About Rabot Hotel from Hotel Chocolat
Chocolate – or cocoa, to be more precise – is what it’s all about at St Lucia’s newest hotel. You may well be familiar with the British chain of Hotel Chocolat shops. Well, the company recently bought the Rabot Estate near Soufriere – dating from 1745, it’s St Lucia’s oldest cocoa plantation. Hotel Chocolat is using the estate as the focal point for trying to revive the island’s cocoa production, and it has also built a sleek restaurant with a cluster of lodges attached.
The restaurant/bar is a striking, open-plan, open-sided pavilion, and the beautifully presented food rivals any other restaurant on the island. Cocoa is used in virtually every dish, either as savoury cocoa nibs, or in the form of chocolate. We love the delectably smooth hot chocolate for breakfast, and a cacao bellini or chocolate daiquiri in the bar before dinner.

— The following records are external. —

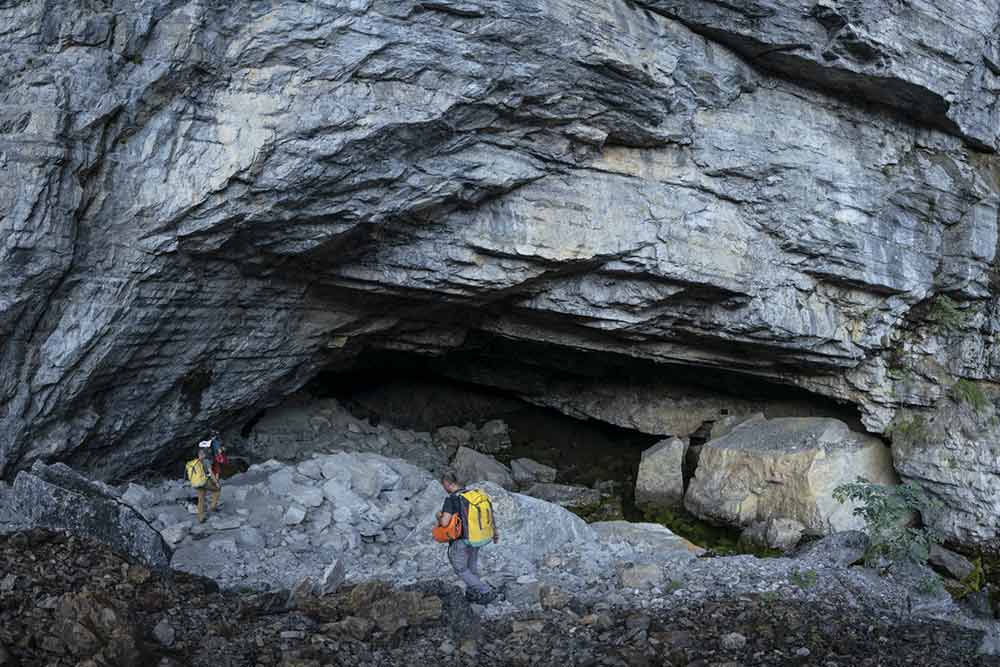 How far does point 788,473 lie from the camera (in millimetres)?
13547

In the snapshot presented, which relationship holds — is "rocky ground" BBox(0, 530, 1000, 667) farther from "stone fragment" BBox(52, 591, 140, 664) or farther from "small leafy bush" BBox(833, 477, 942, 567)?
"small leafy bush" BBox(833, 477, 942, 567)

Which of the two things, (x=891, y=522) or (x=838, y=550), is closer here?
(x=838, y=550)

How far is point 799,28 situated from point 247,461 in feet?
39.3

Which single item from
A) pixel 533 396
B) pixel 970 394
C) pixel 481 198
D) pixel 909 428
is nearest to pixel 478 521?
pixel 481 198

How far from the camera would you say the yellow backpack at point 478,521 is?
7945mm

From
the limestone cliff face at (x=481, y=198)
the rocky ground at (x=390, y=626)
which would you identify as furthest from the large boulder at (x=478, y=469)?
the rocky ground at (x=390, y=626)

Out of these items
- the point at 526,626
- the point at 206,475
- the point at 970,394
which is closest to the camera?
the point at 526,626

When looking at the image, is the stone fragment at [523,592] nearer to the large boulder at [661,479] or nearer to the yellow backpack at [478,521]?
the yellow backpack at [478,521]

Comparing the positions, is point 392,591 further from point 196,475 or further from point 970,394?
point 970,394

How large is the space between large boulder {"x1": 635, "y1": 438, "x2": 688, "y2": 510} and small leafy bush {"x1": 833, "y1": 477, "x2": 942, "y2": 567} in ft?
11.1

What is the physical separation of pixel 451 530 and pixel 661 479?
853 cm

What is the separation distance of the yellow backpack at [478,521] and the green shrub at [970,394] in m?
9.55

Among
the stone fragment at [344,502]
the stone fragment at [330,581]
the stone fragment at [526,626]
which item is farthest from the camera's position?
the stone fragment at [344,502]

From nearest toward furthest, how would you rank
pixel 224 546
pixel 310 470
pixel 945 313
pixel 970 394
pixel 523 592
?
pixel 523 592 < pixel 224 546 < pixel 310 470 < pixel 970 394 < pixel 945 313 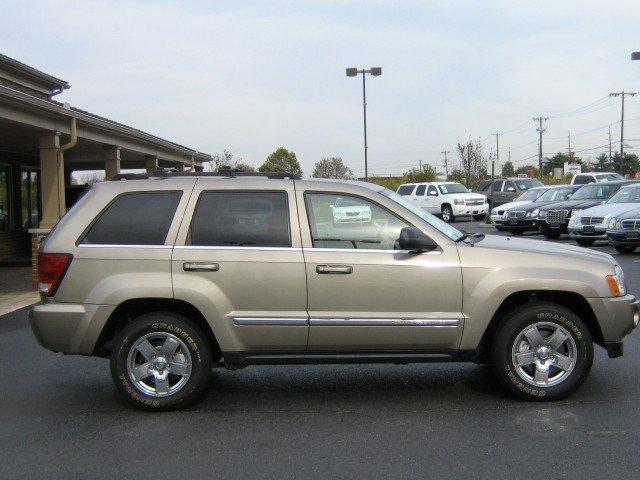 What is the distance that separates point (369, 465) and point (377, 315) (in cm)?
136

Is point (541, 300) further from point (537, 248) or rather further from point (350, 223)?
point (350, 223)

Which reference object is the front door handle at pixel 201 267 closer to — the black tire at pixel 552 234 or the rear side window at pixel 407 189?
the black tire at pixel 552 234

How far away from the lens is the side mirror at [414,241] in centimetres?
572

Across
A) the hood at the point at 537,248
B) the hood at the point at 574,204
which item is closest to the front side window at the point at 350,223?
the hood at the point at 537,248

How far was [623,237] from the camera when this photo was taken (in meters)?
17.2

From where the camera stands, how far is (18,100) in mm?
13398

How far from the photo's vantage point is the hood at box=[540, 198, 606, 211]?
23016mm

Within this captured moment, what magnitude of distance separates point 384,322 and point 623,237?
13048 mm

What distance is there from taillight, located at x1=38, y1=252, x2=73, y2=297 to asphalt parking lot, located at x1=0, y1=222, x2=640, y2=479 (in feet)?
3.19

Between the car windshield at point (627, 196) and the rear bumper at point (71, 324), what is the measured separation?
16768mm

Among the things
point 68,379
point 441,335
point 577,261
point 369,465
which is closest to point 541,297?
point 577,261

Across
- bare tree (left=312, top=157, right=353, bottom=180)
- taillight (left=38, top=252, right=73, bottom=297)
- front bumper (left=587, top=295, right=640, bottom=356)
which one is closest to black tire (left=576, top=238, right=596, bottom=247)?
front bumper (left=587, top=295, right=640, bottom=356)

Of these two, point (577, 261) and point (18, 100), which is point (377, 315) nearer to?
point (577, 261)

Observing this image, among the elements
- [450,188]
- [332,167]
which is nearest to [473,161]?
[332,167] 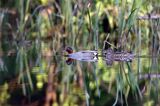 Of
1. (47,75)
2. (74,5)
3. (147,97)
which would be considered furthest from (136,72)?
(74,5)

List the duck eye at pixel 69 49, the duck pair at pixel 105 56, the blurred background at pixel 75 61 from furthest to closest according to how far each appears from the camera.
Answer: the duck eye at pixel 69 49, the duck pair at pixel 105 56, the blurred background at pixel 75 61

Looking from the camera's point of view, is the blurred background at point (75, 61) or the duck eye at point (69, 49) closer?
the blurred background at point (75, 61)

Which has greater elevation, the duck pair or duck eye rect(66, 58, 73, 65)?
the duck pair

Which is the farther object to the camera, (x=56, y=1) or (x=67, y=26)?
(x=56, y=1)

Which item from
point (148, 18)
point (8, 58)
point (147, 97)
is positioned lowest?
point (147, 97)

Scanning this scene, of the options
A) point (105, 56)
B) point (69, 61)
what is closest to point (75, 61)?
point (69, 61)

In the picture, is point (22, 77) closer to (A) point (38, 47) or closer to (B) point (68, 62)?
(B) point (68, 62)

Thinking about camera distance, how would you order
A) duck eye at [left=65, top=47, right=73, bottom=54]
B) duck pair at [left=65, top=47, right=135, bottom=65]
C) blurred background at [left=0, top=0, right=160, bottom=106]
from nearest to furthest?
1. blurred background at [left=0, top=0, right=160, bottom=106]
2. duck pair at [left=65, top=47, right=135, bottom=65]
3. duck eye at [left=65, top=47, right=73, bottom=54]

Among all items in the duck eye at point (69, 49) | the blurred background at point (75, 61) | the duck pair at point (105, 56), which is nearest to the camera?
the blurred background at point (75, 61) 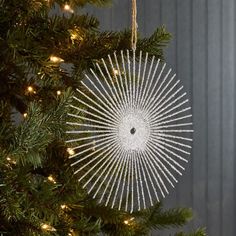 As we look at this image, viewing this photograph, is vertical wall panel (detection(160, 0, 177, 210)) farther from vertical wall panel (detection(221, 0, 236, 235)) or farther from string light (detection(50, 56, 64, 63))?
string light (detection(50, 56, 64, 63))

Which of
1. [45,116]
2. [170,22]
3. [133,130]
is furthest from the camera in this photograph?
[170,22]

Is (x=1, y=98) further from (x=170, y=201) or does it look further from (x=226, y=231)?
(x=226, y=231)

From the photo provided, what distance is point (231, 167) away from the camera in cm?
215

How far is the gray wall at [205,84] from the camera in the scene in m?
2.06

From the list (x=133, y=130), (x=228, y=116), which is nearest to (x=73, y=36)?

With arty prints of cocoa beans, iPods loaded with Caribbean tunes, and an understated palette of browns and whites, bedrooms are the epitome of plantation chic. Luxe Lodges, set on a hillside up flights of steps, have vaulted ceilings, spacious verandahs basking in views of the Petit Piton, and snazzy rainforest showers. Cheaper Lodges, set around a courtyard, are equally stylish and more easily accessible, but much more compact. Both types of room have four-poster beds under mosquito netting – there is no air-conditioning.
Though it’s a drive to the nearest beach, there is plenty to do on the estate. The hotel offers fascinating tours of the nursery, during which guests can graft their own cocoa sapling, and Boucan’s chef works with guests to create bars of chocolate from cocoa beans. There are also treatments using cocoa oils on offer in the spa.
We’ve enjoyed wandering through the estate’s cocoa groves (though creating paths is a work in progress), and down to the Sulphur Springs, a pleasant 30-minute stroll away along a back lane. Alternatively, you can just chill out in the residents-only Club Boucan, whose infinity swimming pool merges with the mesmeric view of Petit Piton.